Os representantes dos movimentos sociais denunciaram que essas reuniões não permitiam o debate efetivo.“As articulações foram feitas a toque de caixa para passar um trator”, criticou o representante do Movimento dos Atingidos por Barragens (MAB), José Geraldo Martins.

A deputada Beatriz Cerqueira (PT), autora do requerimento que motivou a audiência, também lamentou a falta do debate. Ela lembrou que a descrição do empreendimento é parte de um anexo de um projeto de lei, que trata sobre o acordo com a mineradora Vale. “Nosso objetivo é escutar a população para direcionar nosso trabalho parlamentar”, afirmou.

Já o deputado Duarte Bechir ressaltou os benefícios que acredita que a obra trará para a região. “Vai beneficiar todo o colar metropolitano”, disse, ao considerar que o tráfego na região será melhorado.

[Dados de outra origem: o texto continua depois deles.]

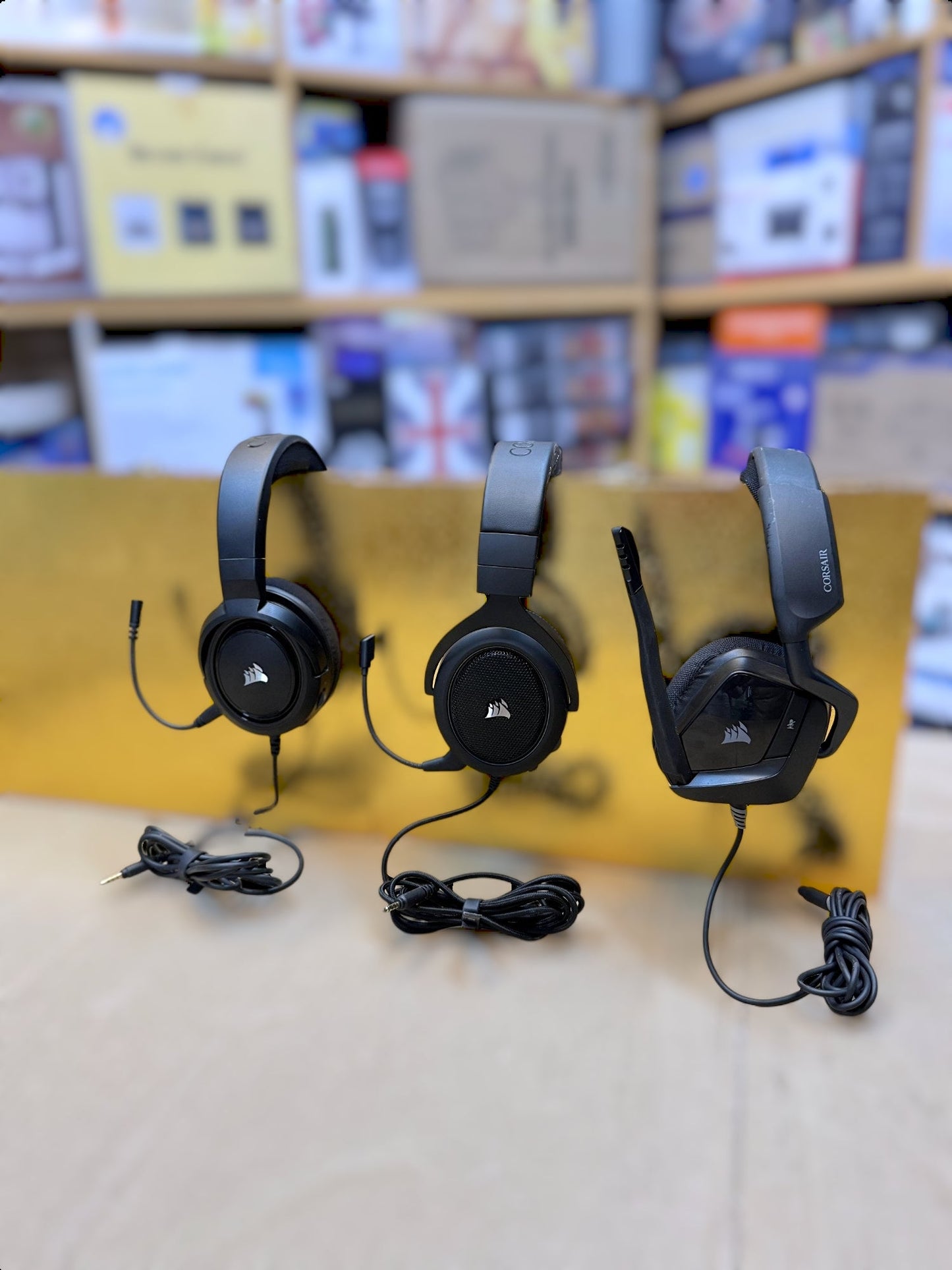 USA Lot Imported Corsair Gaming Headphones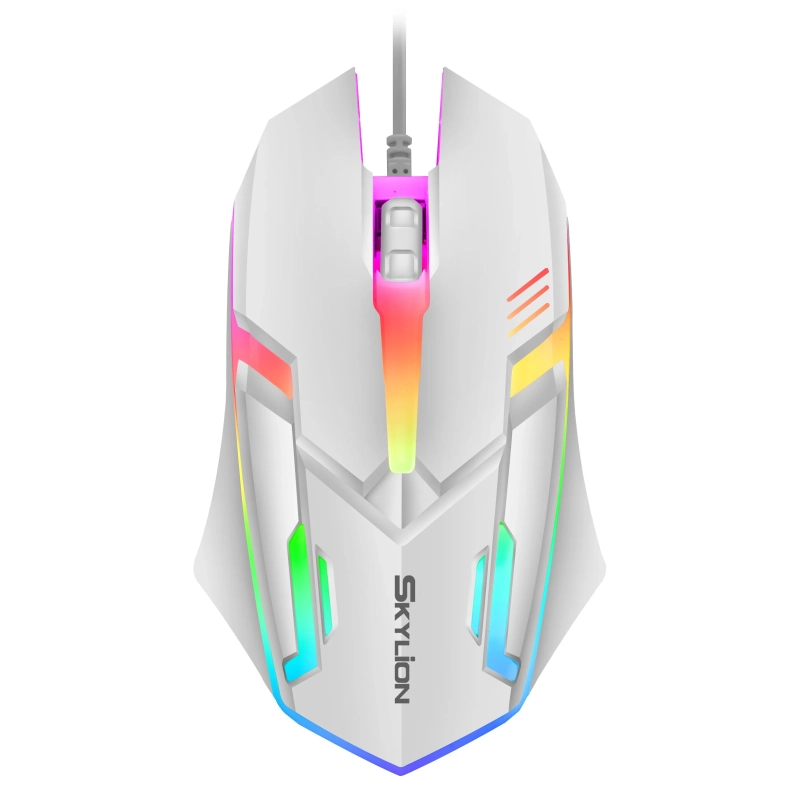 Mouse Gamer RGB SKYLION F1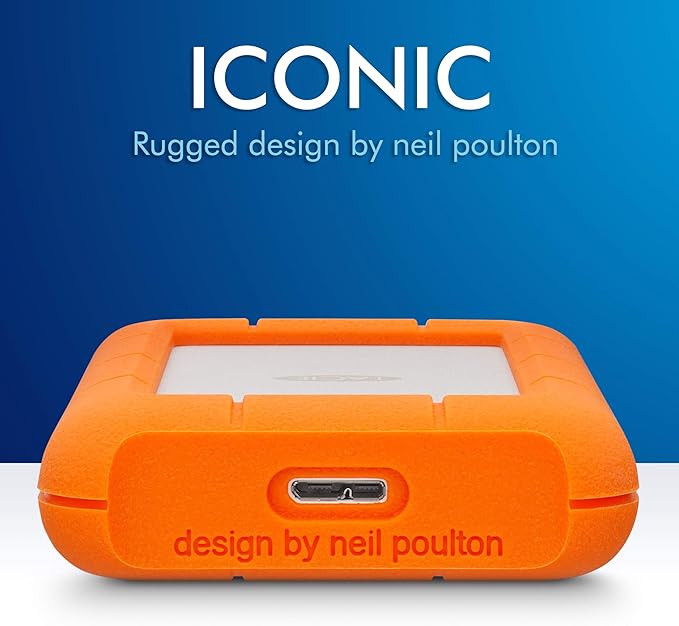 LaCie Rugged 5TB Portable External HDD - Image 5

Religioso cita os “pecados capitais” da proposta

Frei Gilvander Moreira, coordenador da Comissão Pastoral da Terra de Minas Gerais, apontou o que ele chamou de “sete pecados capitais” do projeto. Entre eles, estaria o fato de que o traçado proposto foi feito para beneficiar mineradoras, de forma que, no lugar de cobrir crateras abertas pela extração mineral, cobre reservas ambientais e nascentes de água.

Outro “pecado” seria usar o dinheiro do acordo com a Vale para beneficiar a própria empresa e ainda criar outros problemas ambientais e sociais para a RMBH.

Esses novos problemas seriam resumidos em dois outros “pecados” listados por Frei Gilvander. Um seria o caráter eleitoreiro da obra, que prevê as remoções de casas só em 2023, ou seja, depois das eleições estaduais. O outro seriam os danos para os recursos hídricos da região, aumentando a crise de desabastecimentos que já assola alguns bairros.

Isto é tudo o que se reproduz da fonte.